Frequently asked questions
What does a higher API gravity number mean?
A higher API gravity means a lighter, less dense liquid. Gasoline has an API gravity of roughly 55-65 degrees, while heavy crude may be only 15-20 degrees. The scale is inverted by design: water sits at 10 degrees API, and every point above 10 means the liquid floats on water.
At what temperature should API gravity be measured?
The API standard specifies 60 degrees Fahrenheit (15.56 degrees Celsius) as the reference temperature. Density changes with temperature, so if you measure at a different temperature you must apply an ASTM D1250 volume correction factor (VCF) to convert the observed gravity to the standard 60 F basis before using the formula here.
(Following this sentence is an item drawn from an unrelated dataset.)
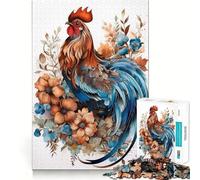 Puzzle de 1000 pièces pour Adolescents Poule et Fleurs Jeu d'art sans Couture Concentration mentale Temps de détente Cadeau de Noël Loisirs (50x75cm)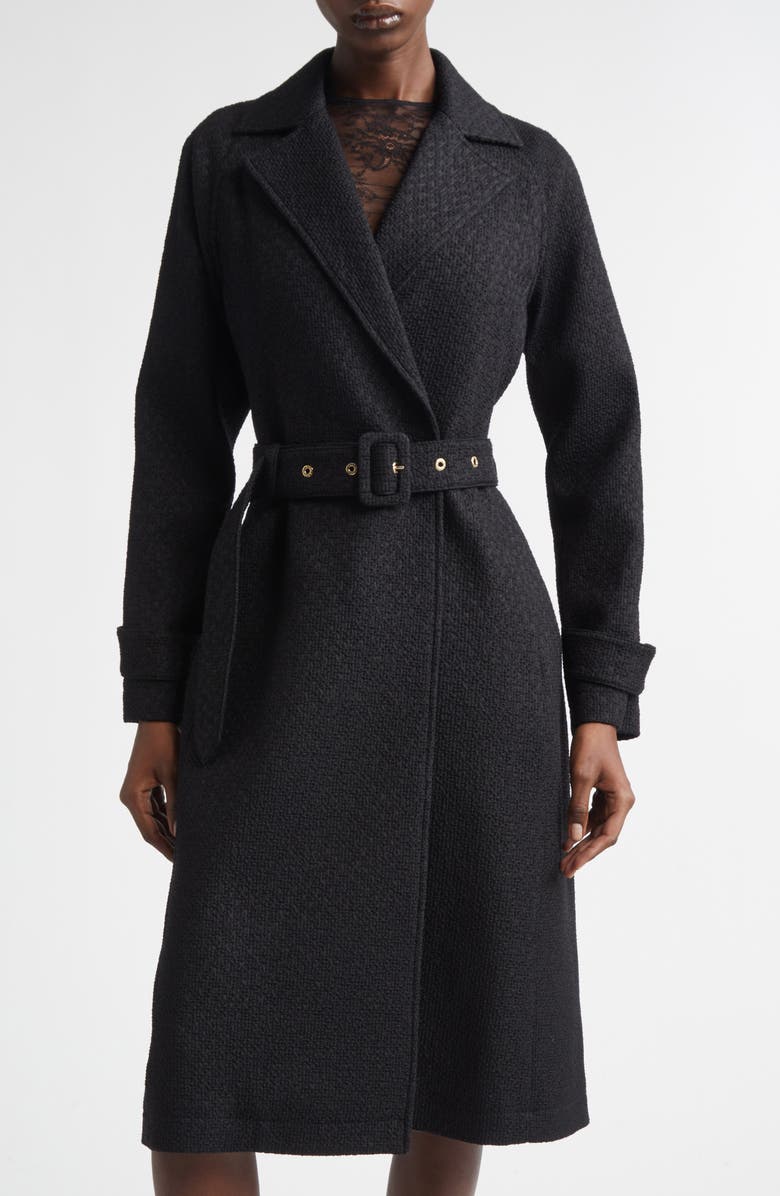 Dolce&Gabbana Belted Tweed Trench Coat, Main, color, N0000 Nero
What is the API gravity of water?
By definition, water has an API gravity of exactly 10 degrees. Liquids with an API gravity above 10 degrees are lighter than water and float; liquids with an API gravity below 10 degrees are heavier than water and sink. Bitumen typically sits at 8-9 degrees API and will sink in fresh water.
What is the difference between API gravity and specific gravity?
Specific gravity (SG) is the direct ratio of a liquid's density to water's density at 60 F (a dimensionless number where water = 1.000). API gravity is a non-linear transformation of that ratio using the formula API = 141.5 / SG - 131.5. The two values carry the same information; API gravity is simply the historical scale that the petroleum industry standardised on, and it compresses the useful part of the SG range into a more readable whole-number spread.
Why does crude oil price depend on API gravity?
Refineries make money by converting crude into products like petrol, jet fuel, and diesel. Light crudes (high API) yield more of these valuable distillates per barrel with less energy and fewer processing units, so they command a price premium. Heavy crudes require coking, hydrocracking, and more catalyst, all of which add cost. The Brent and WTI benchmarks are both light crudes (roughly 38 and 40 degrees API respectively), and heavier grades trade at discounts of several dollars to more than 20 dollars per barrel depending on refinery capacity.
Can I calculate API gravity from specific gravity directly?
Yes. Use API = 141.5 / SG - 131.5. For example, a liquid with SG = 0.876 gives API = 141.5 / 0.876 - 131.5 = 30.0 degrees API. This calculator's "Solve for API from SG" mode does this in one step. The reverse is SG = 141.5 / (API + 131.5).
What API gravity is considered light crude?
The industry threshold most commonly used is 31.1 degrees API or higher. Some classifications further divide light crude into "light" (31.1 to 45 degrees) and "extra light" or "condensate" (above 45 degrees). The major benchmarks WTI and Brent both qualify as light crudes at approximately 40 and 38 degrees API respectively.